Buddy Buddy, à la pointe
C’est qu’à l’heure des « super-aliments », les beurres de noix cochent bien des cases : bourrés de fibres, d’omega 6, de protéines et de minéraux, ils s’adaptent parfaitement aux régimes végétariens ou vegans. C’est d’ailleurs la raison pour laquelle Julien Gaucherot et Matt Samra, 32 ans tous les deux, ont commencé à en mixer dans leur cuisine. « On était inquiets pour notre apport en protéines », raconte Julien au bout du fil. « Mais dans les supermarchés belges, on ne trouvait que des beurres de noix à l’Américaine » — comprendre, saturés d’huile de palme et de sucre. Pourtant, Matt sait qu’il existe sur le marché des produits plus fins. Le jeune homme vient de Nouvelle Zélande, où la culture très forte du « coffee shop » et de ses petits-déjeunes sains a contribué à introduire des variantes « premium », plus équilibrées. « Ils en consomment depuis longtemps, ils ont donc eu le temps de les faire évoluer », explique Julien Gaucherot à propos des habitants de l’autre hémisphère.
Qu’à cela ne tienne, si la Belgique ne peut pas aller à la Nouvelle-Zélande, la Nouvelle-Zélande viendra à la Belgique. Et c’est ainsi que les deux comparses ont fait sortir de terre Buddy Buddy, un lieu wes andersonien 100% vegan, qui propose du café de spécialité et des assiettes contenant pour la plupart les beurres de noix du duo — également vendus en ligne. Ces derniers sont presque devenus une obsession pour le duo. Au menu, on les retrouve donc sur les toasts comme dans le curry de patates douces. « On veut montrer que gustativement, ce sont des produits très versatiles ». Dans leur minuscule atelier, tous deux sont également désormais capables de jauger de la qualité de leurs noix — « l’élément plus important » — d’un simple test gustatif. Elles sont ensuite torréfiées et refroidies, avant d’êtres moulues dans leur moulin à noix australien.
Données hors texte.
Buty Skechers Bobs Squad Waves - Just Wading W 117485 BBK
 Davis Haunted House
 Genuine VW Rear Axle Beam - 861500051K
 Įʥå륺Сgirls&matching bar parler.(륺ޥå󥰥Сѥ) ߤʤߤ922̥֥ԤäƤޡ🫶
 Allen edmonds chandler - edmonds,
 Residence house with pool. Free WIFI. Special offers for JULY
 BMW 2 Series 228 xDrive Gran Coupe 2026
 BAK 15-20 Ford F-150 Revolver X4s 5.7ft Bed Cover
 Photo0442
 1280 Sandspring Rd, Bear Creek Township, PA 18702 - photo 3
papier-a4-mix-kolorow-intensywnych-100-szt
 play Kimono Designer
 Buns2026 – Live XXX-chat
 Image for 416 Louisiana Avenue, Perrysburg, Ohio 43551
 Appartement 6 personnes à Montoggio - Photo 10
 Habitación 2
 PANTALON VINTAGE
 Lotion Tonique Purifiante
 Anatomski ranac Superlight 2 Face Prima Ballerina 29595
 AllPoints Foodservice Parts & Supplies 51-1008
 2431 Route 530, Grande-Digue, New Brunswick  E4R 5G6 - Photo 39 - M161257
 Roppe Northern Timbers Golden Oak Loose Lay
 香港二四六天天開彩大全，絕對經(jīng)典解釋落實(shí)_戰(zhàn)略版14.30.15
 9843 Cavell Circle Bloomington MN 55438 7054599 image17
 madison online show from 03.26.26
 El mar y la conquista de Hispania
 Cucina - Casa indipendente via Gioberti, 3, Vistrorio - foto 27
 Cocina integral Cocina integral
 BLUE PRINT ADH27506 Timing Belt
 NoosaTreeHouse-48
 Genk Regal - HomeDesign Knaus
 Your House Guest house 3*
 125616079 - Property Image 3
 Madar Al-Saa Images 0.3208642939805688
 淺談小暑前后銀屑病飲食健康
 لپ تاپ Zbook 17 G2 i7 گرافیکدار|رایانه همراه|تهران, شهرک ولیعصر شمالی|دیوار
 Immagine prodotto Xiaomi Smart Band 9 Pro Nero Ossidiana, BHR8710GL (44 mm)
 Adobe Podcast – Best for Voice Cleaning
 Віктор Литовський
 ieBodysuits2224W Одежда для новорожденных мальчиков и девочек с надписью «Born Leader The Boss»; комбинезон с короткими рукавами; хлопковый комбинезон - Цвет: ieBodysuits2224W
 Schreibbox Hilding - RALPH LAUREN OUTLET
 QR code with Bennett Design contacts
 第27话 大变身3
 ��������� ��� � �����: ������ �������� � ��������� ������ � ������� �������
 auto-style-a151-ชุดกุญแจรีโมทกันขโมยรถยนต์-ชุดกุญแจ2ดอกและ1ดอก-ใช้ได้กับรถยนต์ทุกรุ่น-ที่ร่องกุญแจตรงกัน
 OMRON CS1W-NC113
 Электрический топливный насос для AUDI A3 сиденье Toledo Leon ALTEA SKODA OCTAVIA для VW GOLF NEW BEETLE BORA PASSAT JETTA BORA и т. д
Le mélange avec de l’huile de chanvre pressée à froid ou une pointe de sel rose est ensuite fait à la main, de même que la mise en pot. Le procédé ne permet d’en remplir que 20 ou 30 à la fois, chaque fois avec la même précision et passion.
La source (tarie) des beurres de noix
À ce jour, Buddy Buddy a développé une gamme de quatre produits, dont un beurre de cacahuètes, un beurre d’amandes et une pâte à tartiner choco-noisettes. Mais le plus intrigant de tous est probablement le « protéiné », auquel on a ajouté des protéines de pois et de l’huile de chanvre, pour les oméga 3. « C’est un mélange idéal pour les sportifs, avec de vraies bonnes protéines végétales », vante encore Julien Gaucherot. La proposition est alléchante, au propre comme au figuré, d’autant plus quand on sait que la consommation de fruits secs fait partie des dernières recommandations du Conseil supérieur de la santé belge.
Reste que la tendance, si elle a du bon d’un point de vue santé, n’est pas forcément très écologique. Aux USA où les oléagineux vivent leur grande heure de gloire, les monocultures d’amandes californiennes déciment en effet les réserves d’eau d’un État qui en a pourtant grand besoin. « C’est la raison pour laquelle à l’heure actuelle, on refuse de s’approvisionner aux États-Unis », indique le co-créateur de Buddy Buddy. Leurs amandes proviennent d’Espagne, tandis que les cacahuètes et noisettes sont importées d’Égypte et de Turquie. La question de la provenance et la manière dont sont produites ces « noix » est donc le prochain grand défi de cette jeune marque, qui trace dès aujourd’hui une voie belge dans le sillon des « nut butters ».